Shasta County Board of Supervisors special meeting

Shasta County Supervisors are moving forward with a plan for a sales tax to fund more jail space and more law enforcement, essentially generating an extra $15 million a year to help combat crime.

Tuesday morning the Shasta County Board of Supervisors held a special meeting to discuss the expansion and operation costs for 38 new beds at the Shasta County Jail, an estimated $325,000. This is in addition to the 64 beds which funds have already been approved.

In order to pay for the additional beds, the county has proposed a sales tax. Supervisors say they will not levy a tax but are seeking voter approval to push it forward.

Shasta County residents are looking at a 1/4 to 1/2 cent sales tax increase. Shasta County Executive Officer Larry Lees said a 1/4 cent sales tax would generate $7.5 million and a 1/2 cent sales tax could bring the county $14.5 to $15 million.

If placed on the 2018 November ballot, voters would be looking at a specific tax. Supervisors agreed that there will have to be strict conditions on how the money is spent in order for voters to agree to it.

Supervisor Leonard Moty said the revenue would allow the county to move forward with double bunking in the jail, expanding current jail space and paying for future operation costs. Moty acknowledges there is a distrust in local government but that's why the board is placing the decision in the hands of voters.

"So we're listening to that and saying, 'okay, we're going to give you a very specific proposal that tells you where we're going to spend the money and we're going to lock it in stone with a vote by you the people that says okay this is where we want you to spend the money," Moty said. "Will it pass? I don't know, but it's up to the people."

He added the board spends a majority of its discretionary general fund dollars on public safety.

"Most of our money is state programs we have no control over, so we don't have that much money left over to spend on other programs," Moty said. "Public safety is it."
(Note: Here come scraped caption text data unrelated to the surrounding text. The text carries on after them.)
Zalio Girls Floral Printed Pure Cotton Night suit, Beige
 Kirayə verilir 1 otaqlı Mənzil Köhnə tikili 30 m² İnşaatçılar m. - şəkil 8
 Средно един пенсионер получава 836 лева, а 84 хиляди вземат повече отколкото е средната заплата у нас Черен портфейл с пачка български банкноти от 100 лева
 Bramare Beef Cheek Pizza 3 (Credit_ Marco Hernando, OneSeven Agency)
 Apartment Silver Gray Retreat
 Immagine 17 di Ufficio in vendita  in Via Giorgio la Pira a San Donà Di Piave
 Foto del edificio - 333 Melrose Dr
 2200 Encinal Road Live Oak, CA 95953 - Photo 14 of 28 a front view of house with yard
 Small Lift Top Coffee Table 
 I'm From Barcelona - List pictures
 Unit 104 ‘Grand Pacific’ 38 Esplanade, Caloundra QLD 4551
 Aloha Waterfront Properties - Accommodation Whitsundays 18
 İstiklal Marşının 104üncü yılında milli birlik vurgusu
Shasta County Sheriff Tom Bosenko is in support of a sales tax increase. He explained in a crisis situation law enforcement is spread thin and even on a regular day there are not enough deputies to have 24-hour coverage in all areas of the county.

"We are tapped out completely," Bosenko said. "With a major incident we could have all law enforcement resources there at one time and still needing more, having to call in other officers to assist as well. Crime can visit anywhere in the county, no matter where you live or what financial ability you are. Everybody need to feel safe in their homes and their community."

The supervisors know the battle to get the tax approved could be an uphill one .

The board will gather input from cities in Shasta County before their next meeting on July 24, in order to decide whether the tax will be placed on the November ballot.